喪服着物・礼服着物を陰干し等のお手入れしている時には、常に汚れが付いていないかよく確認しましょう。もしもシミを見つけたら?自分で喪服・礼服着物のシミ抜きができるかどうかは、シミの種類や状態によって変わります。
喪服着物のシミ抜きは自分でできる?
喪服着物・礼服着物は一般的に「正絹(シルク)」でできていることがほとんどです。シルクは水濡れにとても弱く縮みやすいので、ご家庭では水を使ったシミ抜きができません。そのため対処できるシミの種類が限られます。
【シミ抜きができる条件】
- 油性(油溶性)のシミであること(水が混じっていない)
- 付いたばかりのシミであること(1日~2日以内)
- 直径5mm~1センチ以内程度の小さなシミであること
- 色素が比較的薄いこと
この4つの条件をすべて満たす場合には、ご家庭で「ベンジン」を使ったシミ抜きができる可能性があります。具体的なシミ抜き方法については下のページで詳しくご案内していますので、あわせてご参照ください。
喪服着物をプロにシミ抜きして貰った方が良い?
喪服着物・礼服着物についたシミについて、ひとつでも下のリストにあてはまる場合には、できるだけ早く着物を専門店に持ち込みましょう。
- シミの原因がよくわからない
- シミが水溶性汚れ・混合性汚れ・不溶性汚れのいずれか
- シミをいつ付けたか覚えていない(古いシミの可能性がある)
- シミが1センチ以上の大きさがある
- 口紅等の色素の多いシミである
- 家紋部分等にシミが付いた
喪服着物はクリーニングすべき?
「喪服着物は1回着る毎にクリーニングするものなのですか?」というご質問を受けることがありますが、着物は1回毎に絶対に洗う!というものではありません。着物の状態や着用機会を見ながらクリーニングに出すかどうかを決めていきましょう。
着物に汚れがある場合 → シミ抜きをすぐに行う
上でも解説しましたが、喪服着物のシミはご家庭でお手入れできるものがとても少ないです。汚れを発見した場合には、とにかくすぐにプロの手でシミ抜きをしておきましょう。早い方がシミ抜きの結果もうまくいきやすいです。
半年以内に着用機会あり → そのまま保管でOK
地域にもよりますが、葬儀後の初七日、四十九日、百か日法要ですべて喪服着物を着用するルールがあるところもございます。この場合、3~4ヶ月以内に繰り返し同じ着物を着るわけです。

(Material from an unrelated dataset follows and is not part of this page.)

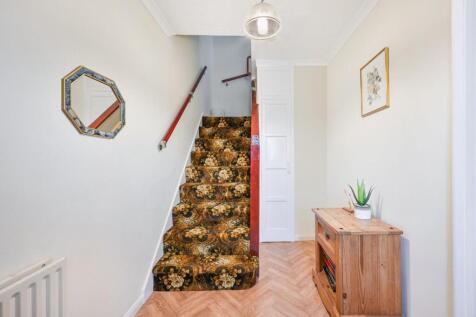 SCOTT CLOSE (11).jpg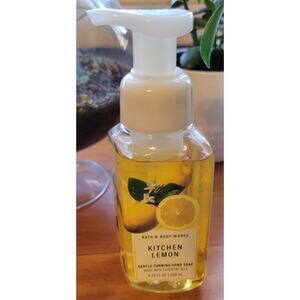 Bath & Body Works Kitchen Lemon Gentle Foaming Hand Soap 8.75 oz. NEW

このような場合は、ご家庭で陰干しをしてシミ汚れが無いことをチェックし、そのまま保管しておいて大丈夫です。1回毎ではなく、何度か同じ状態で喪服着物を使っていただけます。
次に着る機会がわからない → 「丸洗い」をしておく
法事等も落ち着き、もう次に着物を使う機会は見当たらない…という場合には、着物をクリーニングで「丸洗い」しておきましょう。着物に付いたチリ・ホコリや軽い皮脂汚れ等を全体的に取り除いておくことで、次回にもスッキリと気持ちよく着用ができます。
喪服着物を保管する方法は?
喪服着物・礼服着物はとてもデリケートであり、カビや虫害等のトラブルが起きやすい着物です。保管場所・保管方法に気を配って、きれいな状態をキープしましょう。
タンス・衣装箱または保存袋を選ぶ
喪服着物は本畳みをして平らに保管をします。しまう場所は「タンス」「衣装箱」または着物専用の「保存袋」に。いずれも通気性の良い場所を選びます。
タンス
桐の和箪笥が理想的ですが、木製タンスでもOK。タンスはできるだけ風通しの良い場所に置くようにしましょう。また時々引き出しを開けることも大切です。
衣装箱
衣装箱も木製がもっとも理想的。プラスチックはとても湿気やすいので、通常よりも換気を頻繁に行います。また湿気取りや防虫剤等のお手入れも、木製家具の2倍位のペースで取り替えた方が良いです。
保存袋
着物専用の保存袋が販売されています。着物の保管スペースが小さい人向け。防虫剤とセットになっているものもあります。
防虫剤と湿気取りを入れる
喪服着物・礼服着物にカビが発生したり虫食いが起こらないように、防虫剤と湿気取り(吸湿剤)を入れます。
着物専用防虫剤を選ぶ
防虫剤には種類が色々あるのですが「着物用」と説明書きに明記されているものを選びましょう。シルクの変色等が起こるリスクを減らせます。また防虫剤は着物に直接触れさせないことも注意しましょう。
吸湿剤はシート&大型で
シート型の吸湿剤は、タトウ紙の中にしのばせておきます。さらに引き出しの中やクローゼットの中に立体の大型吸湿剤を入れて、湿気をより強力に吸い取るようにしましょう。吸湿剤は時間が経つと吸湿力が落ちるので、定期的に交換してください。
着物のお預かりサービスも使える
「自分で喪服着物・礼服着物のお手入れや保管をきちんとできるか不安」「カビたりしたらどうしよう」「喪服着物を置いておく場所が無い…」こんな時には、プロによる「着物のお預かりサービス」を使ってみるのも手です。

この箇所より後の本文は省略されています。